### Requirement:
Output the lines of the listing below exactly, starting at the line containing "Beliani Laterne aus" and stopping after the last line, with any pictures dropped.

### Supplied information:
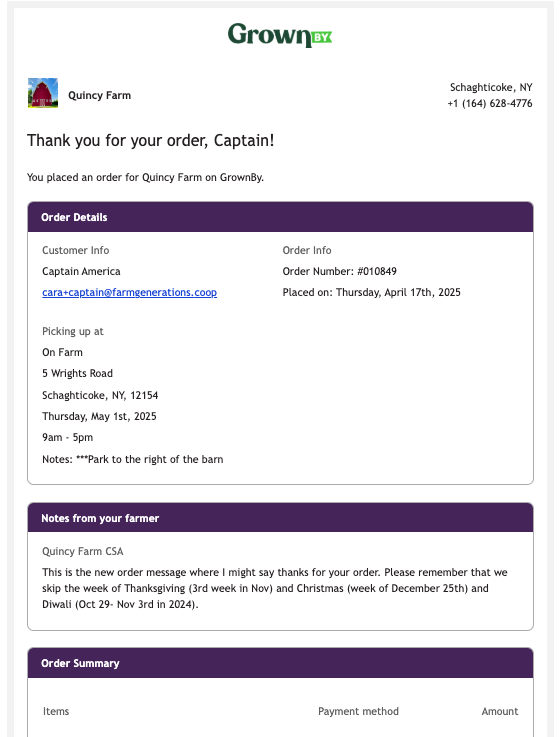 Email to customer showing the Notes field and New Order Message after buying a CSA share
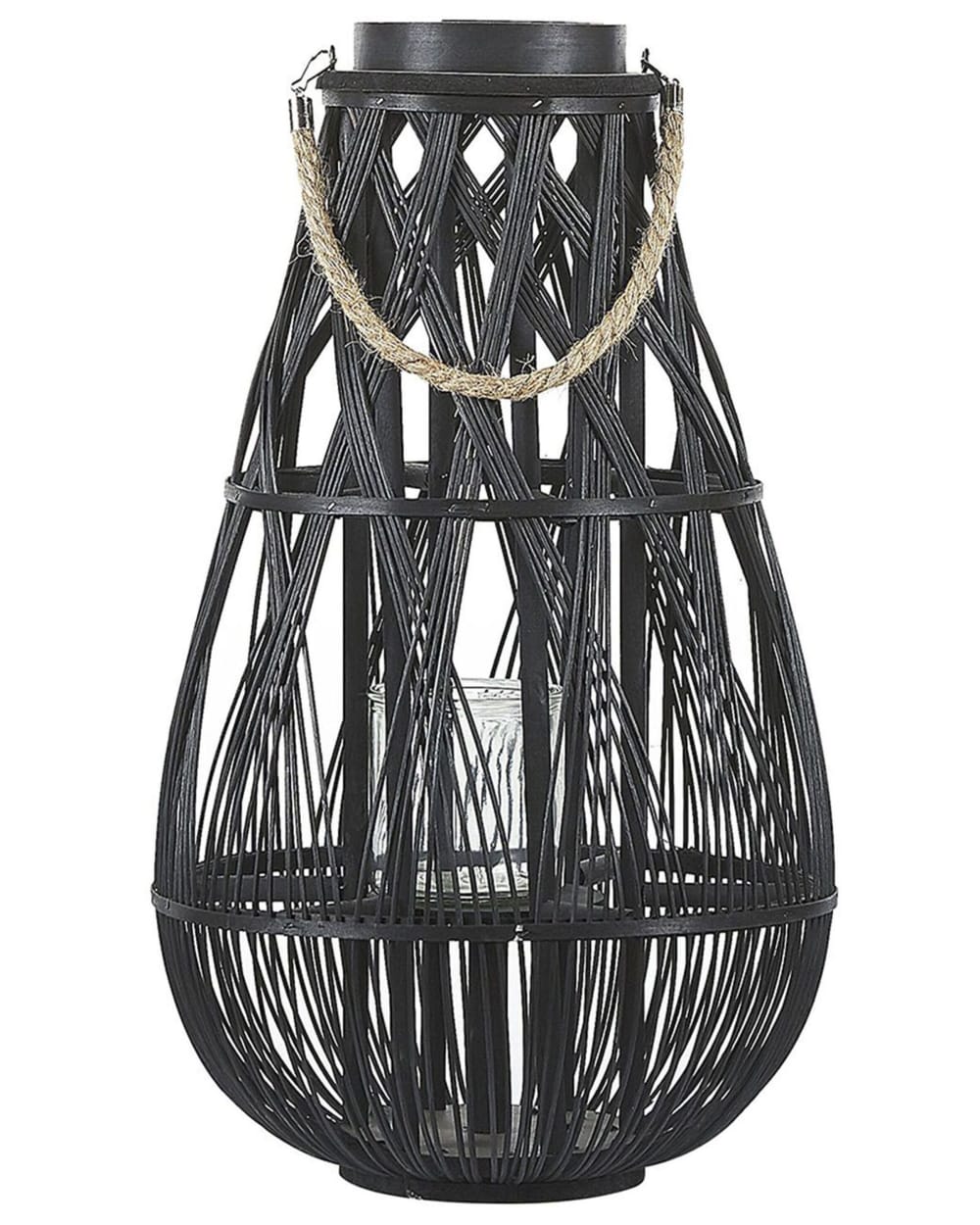 Beliani Laterne aus Holz 56 cm, schwarz style landhaus - Bambus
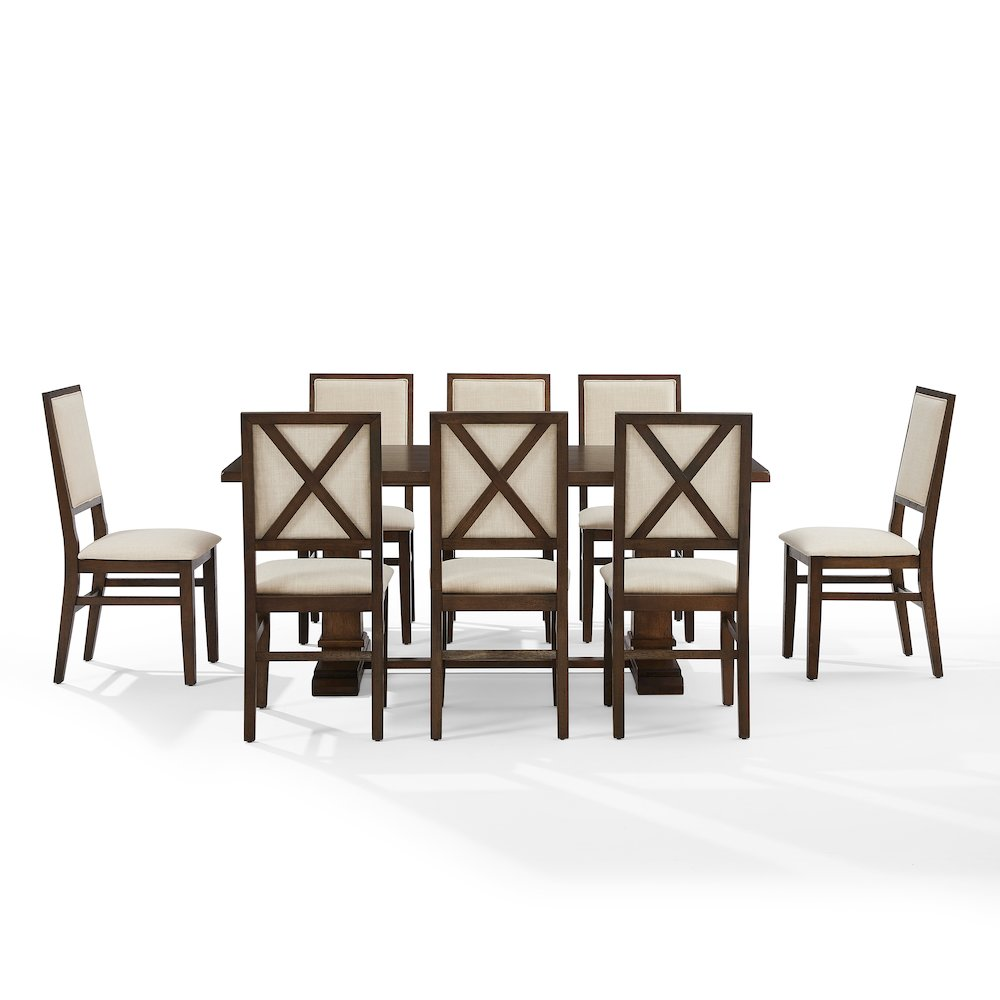 Joanna 9-piece dining table set with an oak finish including a large table and 8 upholstered back dining chairs by Start2Finish
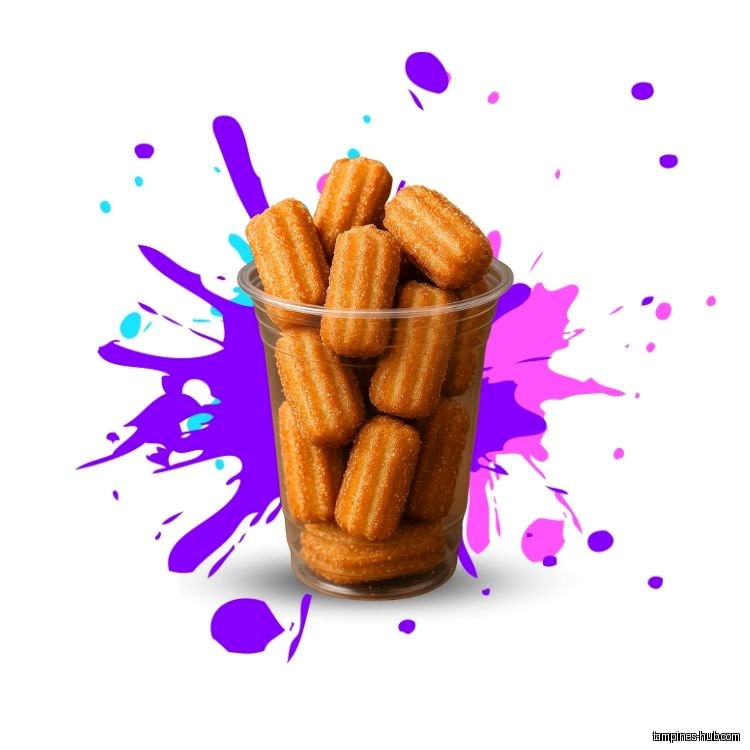 A clear plastic cup filled with churros against a colorful background.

### Solution:
 Beliani Laterne aus Holz 56 cm, schwarz style landhaus - Bambus
 Joanna 9-piece dining table set with an oak finish including a large table and 8 upholstered back dining chairs by Start2Finish
 A clear plastic cup filled with churros against a colorful background.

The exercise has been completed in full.